[[ Source data, beginning ]]

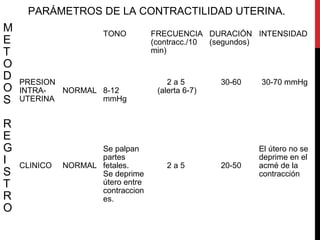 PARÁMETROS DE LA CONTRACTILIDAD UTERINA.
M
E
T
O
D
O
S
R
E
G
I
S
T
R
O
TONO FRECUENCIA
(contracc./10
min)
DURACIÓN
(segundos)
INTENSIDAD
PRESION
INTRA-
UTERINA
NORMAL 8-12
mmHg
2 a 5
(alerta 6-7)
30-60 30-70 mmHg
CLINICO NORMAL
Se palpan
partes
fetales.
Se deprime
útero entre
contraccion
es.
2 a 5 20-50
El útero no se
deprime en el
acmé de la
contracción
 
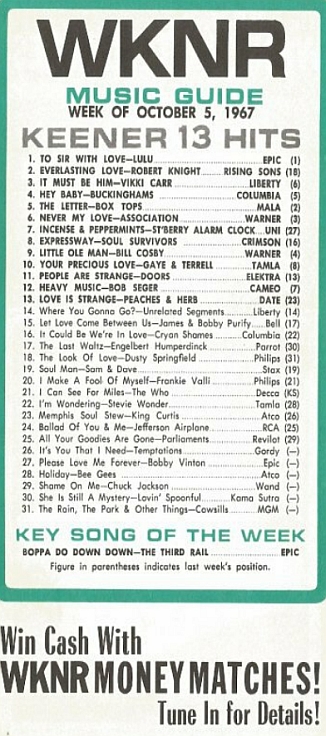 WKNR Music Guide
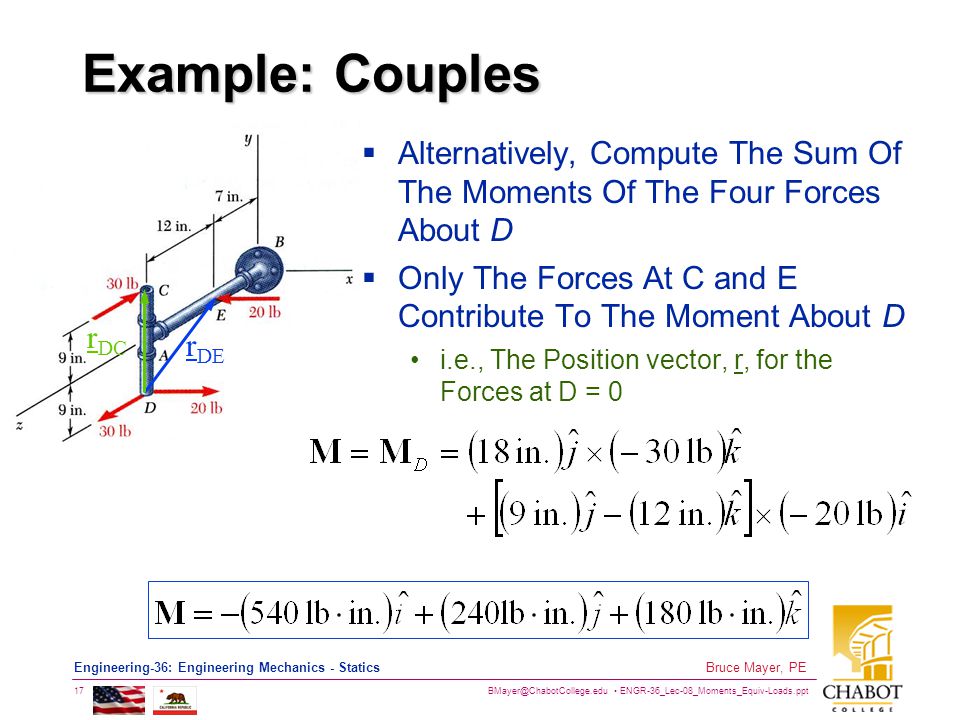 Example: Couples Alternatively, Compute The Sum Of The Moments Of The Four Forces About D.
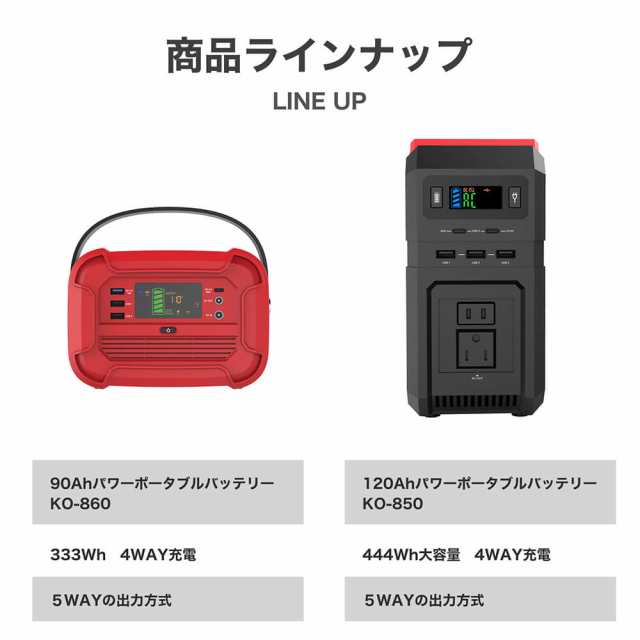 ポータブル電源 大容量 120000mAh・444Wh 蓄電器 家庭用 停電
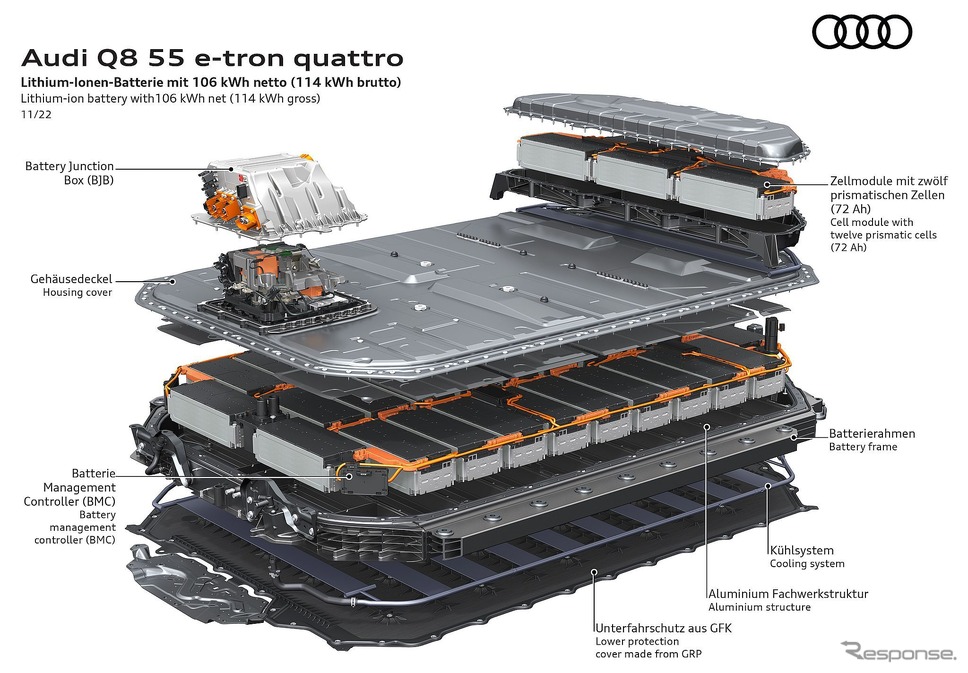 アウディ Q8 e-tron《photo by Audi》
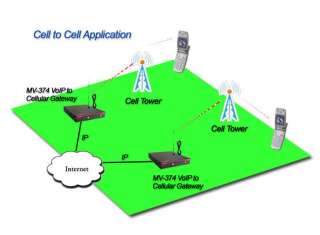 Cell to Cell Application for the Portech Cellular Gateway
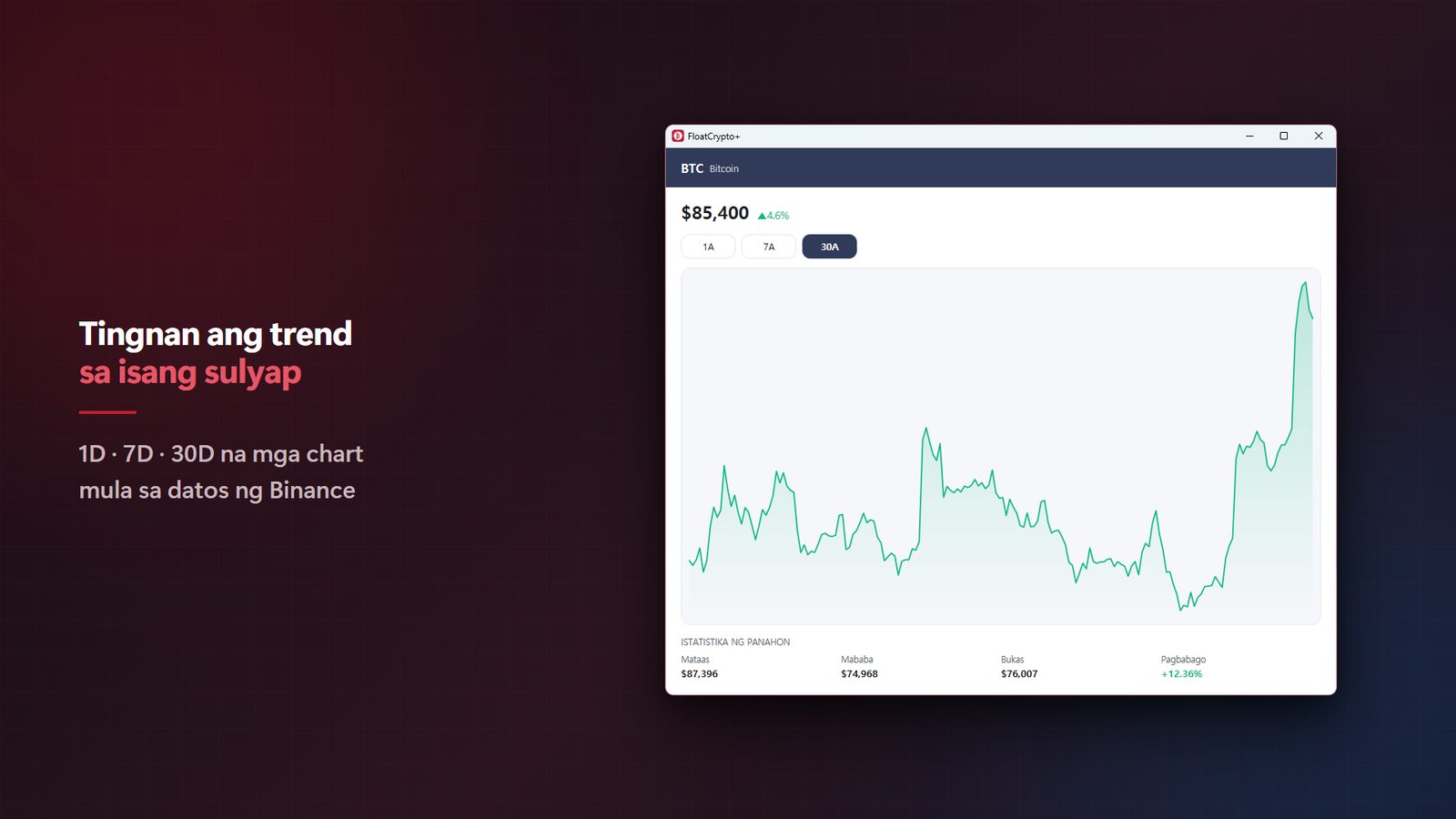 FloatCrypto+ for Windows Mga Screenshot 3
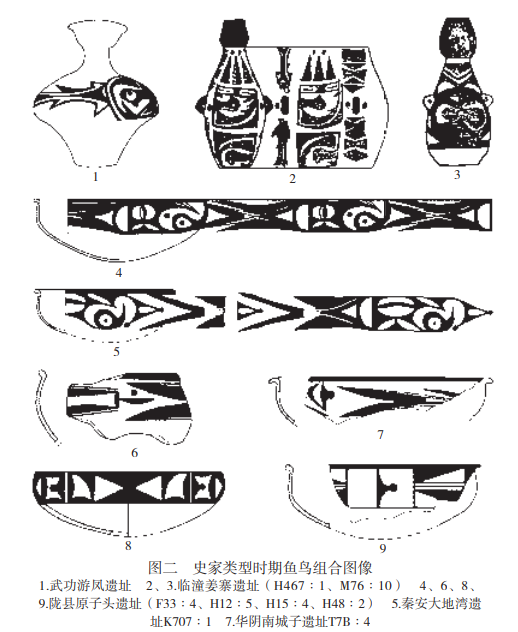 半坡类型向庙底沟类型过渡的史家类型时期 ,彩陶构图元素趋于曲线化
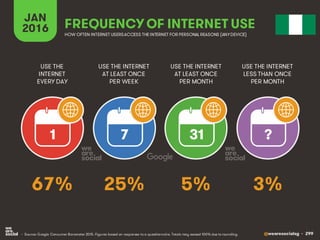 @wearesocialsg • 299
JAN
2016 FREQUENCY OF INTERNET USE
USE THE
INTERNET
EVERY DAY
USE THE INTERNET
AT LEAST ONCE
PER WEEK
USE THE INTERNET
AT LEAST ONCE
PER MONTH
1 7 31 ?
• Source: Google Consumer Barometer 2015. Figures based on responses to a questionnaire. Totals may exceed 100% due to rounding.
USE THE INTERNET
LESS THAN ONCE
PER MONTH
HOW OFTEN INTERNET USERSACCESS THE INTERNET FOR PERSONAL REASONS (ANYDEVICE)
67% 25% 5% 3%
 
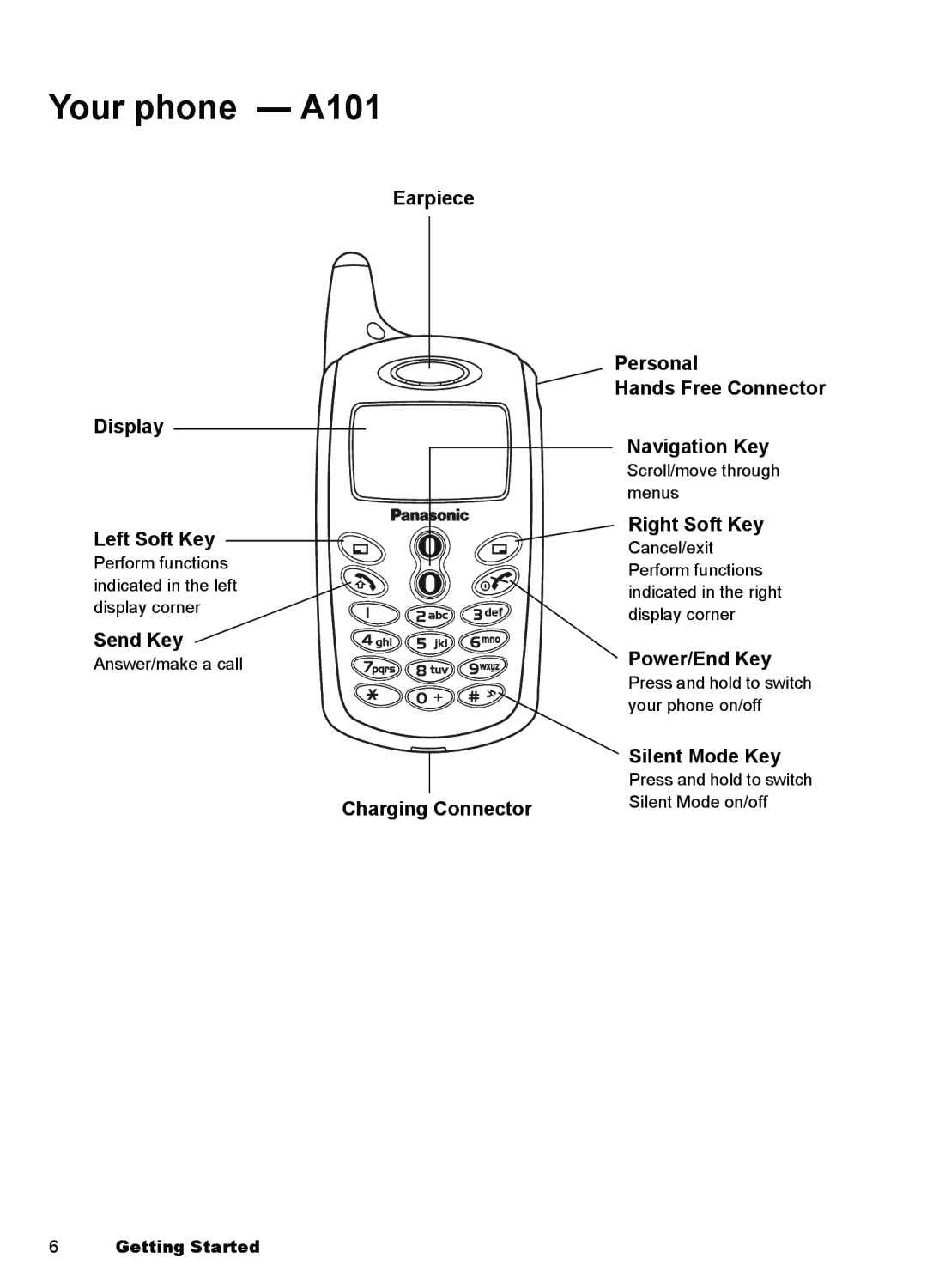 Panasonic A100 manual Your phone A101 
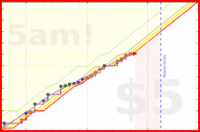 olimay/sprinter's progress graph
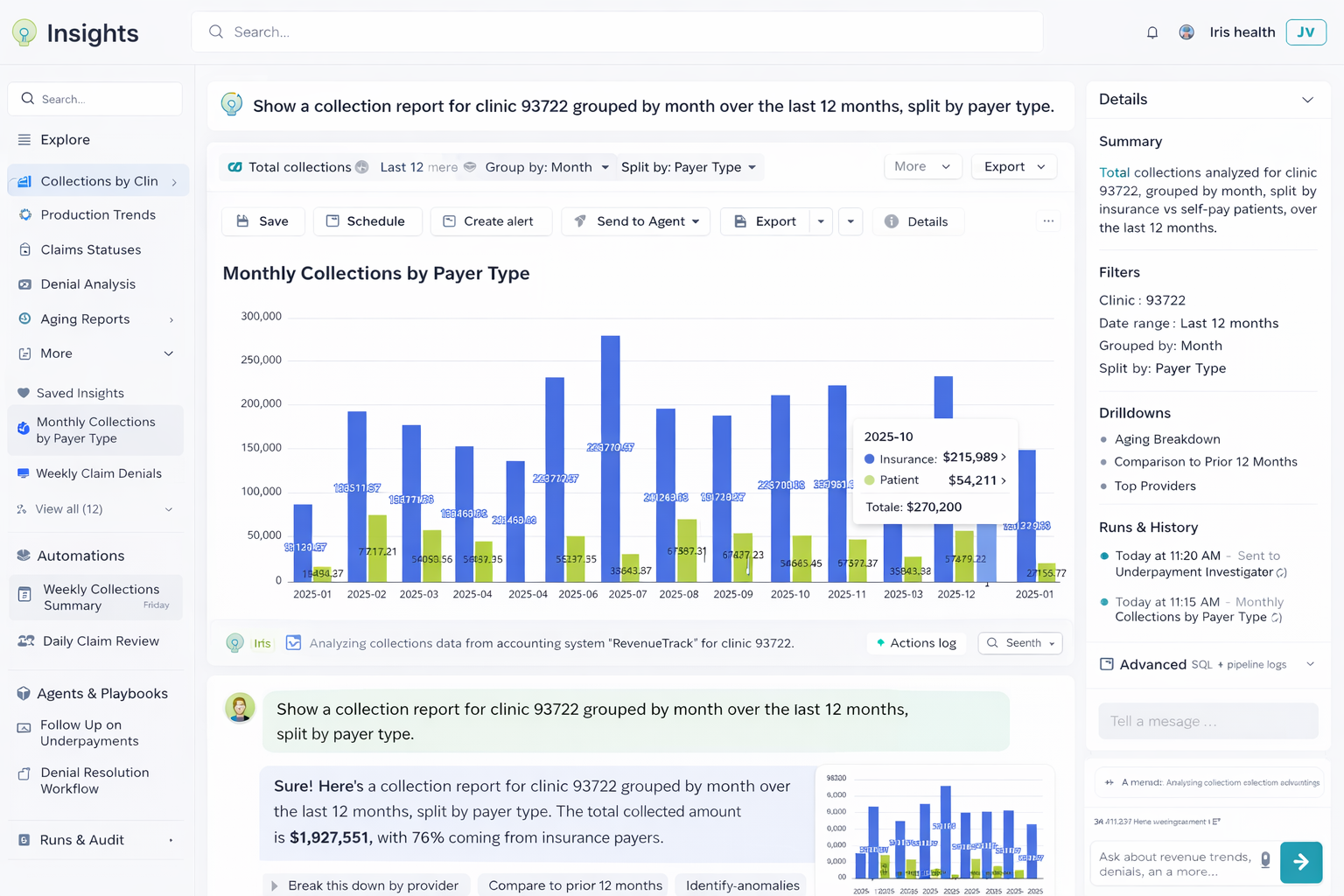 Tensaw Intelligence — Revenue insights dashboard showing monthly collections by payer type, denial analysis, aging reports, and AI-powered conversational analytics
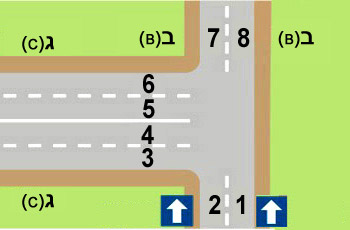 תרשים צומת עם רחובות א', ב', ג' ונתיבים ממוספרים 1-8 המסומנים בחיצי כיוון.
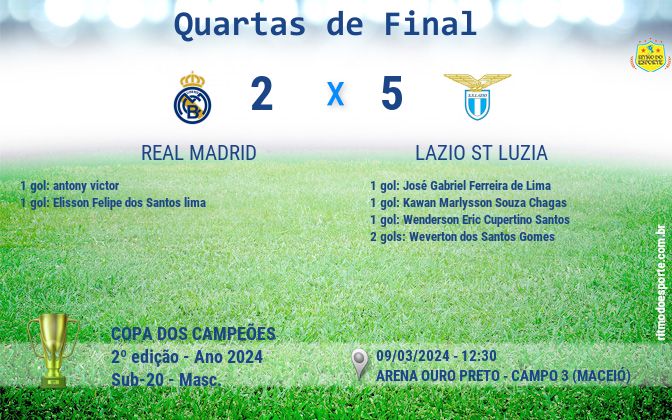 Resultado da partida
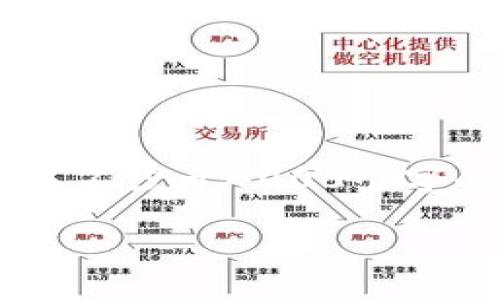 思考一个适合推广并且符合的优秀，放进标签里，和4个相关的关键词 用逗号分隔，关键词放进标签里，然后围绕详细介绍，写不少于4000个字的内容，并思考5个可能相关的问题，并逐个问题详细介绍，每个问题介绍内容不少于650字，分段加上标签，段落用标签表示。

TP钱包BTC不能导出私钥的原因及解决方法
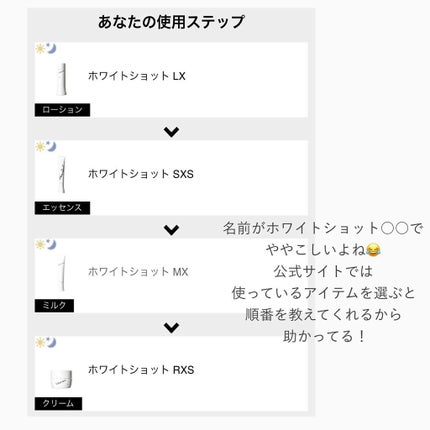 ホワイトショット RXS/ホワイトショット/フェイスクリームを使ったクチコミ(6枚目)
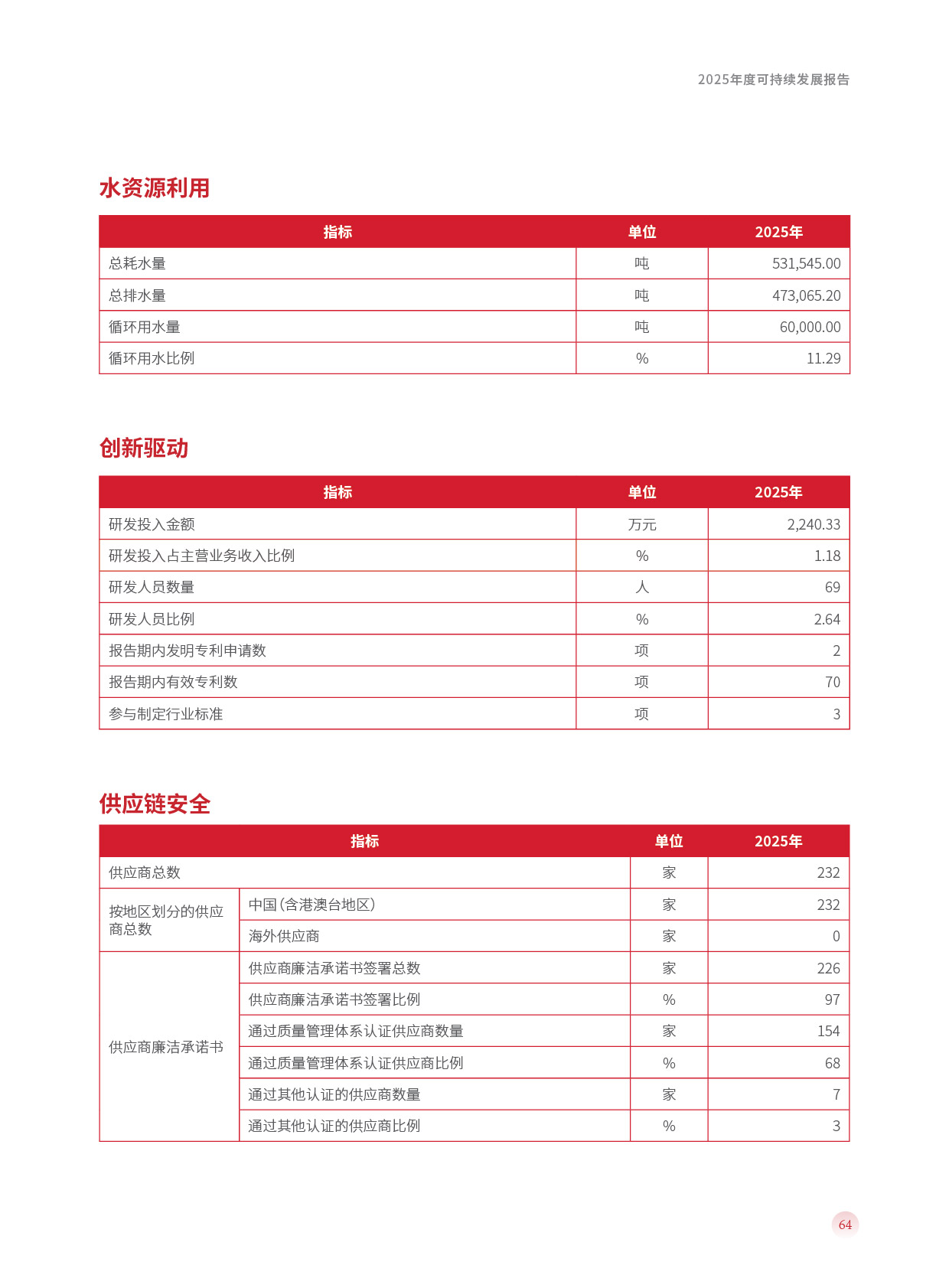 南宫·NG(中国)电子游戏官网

[[ Source data, end ]]

**Your goal**
The complete listing must be transcribed verbatim, and all pictures are to be omitted.

**Expected output**
 PARÁMETROS DE LA CONTRACTILIDAD UTERINA.
M
E
T
O
D
O
S
R
E
G
I
S
T
R
O
TONO FRECUENCIA
(contracc./10
min)
DURACIÓN
(segundos)
INTENSIDAD
PRESION
INTRA-
UTERINA
NORMAL 8-12
mmHg
2 a 5
(alerta 6-7)
30-60 30-70 mmHg
CLINICO NORMAL
Se palpan
partes
fetales.
Se deprime
útero entre
contraccion
es.
2 a 5 20-50
El útero no se
deprime en el
acmé de la
contracción
 
 WKNR Music Guide
 Example: Couples Alternatively, Compute The Sum Of The Moments Of The Four Forces About D.
 ポータブル電源 大容量 120000mAh・444Wh 蓄電器 家庭用 停電
 アウディ Q8 e-tron《photo by Audi》
 Cell to Cell Application for the Portech Cellular Gateway
 FloatCrypto+ for Windows Mga Screenshot 3
 半坡类型向庙底沟类型过渡的史家类型时期 ,彩陶构图元素趋于曲线化
 @wearesocialsg • 299
JAN
2016 FREQUENCY OF INTERNET USE
USE THE
INTERNET
EVERY DAY
USE THE INTERNET
AT LEAST ONCE
PER WEEK
USE THE INTERNET
AT LEAST ONCE
PER MONTH
1 7 31 ?
• Source: Google Consumer Barometer 2015. Figures based on responses to a questionnaire. Totals may exceed 100% due to rounding.
USE THE INTERNET
LESS THAN ONCE
PER MONTH
HOW OFTEN INTERNET USERSACCESS THE INTERNET FOR PERSONAL REASONS (ANYDEVICE)
67% 25% 5% 3%
 
 Panasonic A100 manual Your phone A101 
 olimay/sprinter's progress graph
 Tensaw Intelligence — Revenue insights dashboard showing monthly collections by payer type, denial analysis, aging reports, and AI-powered conversational analytics
 תרשים צומת עם רחובות א', ב', ג' ונתיבים ממוספרים 1-8 המסומנים בחיצי כיוון.
 Resultado da partida
 思考一个适合推广并且符合的优秀，放进标签里，和4个相关的关键词 用逗号分隔，关键词放进标签里，然后围绕详细介绍，写不少于4000个字的内容，并思考5个可能相关的问题，并逐个问题详细介绍，每个问题介绍内容不少于650字，分段加上标签，段落用标签表示。

TP钱包BTC不能导出私钥的原因及解决方法
 ホワイトショット RXS/ホワイトショット/フェイスクリームを使ったクチコミ(6枚目)
 南宫·NG(中国)电子游戏官网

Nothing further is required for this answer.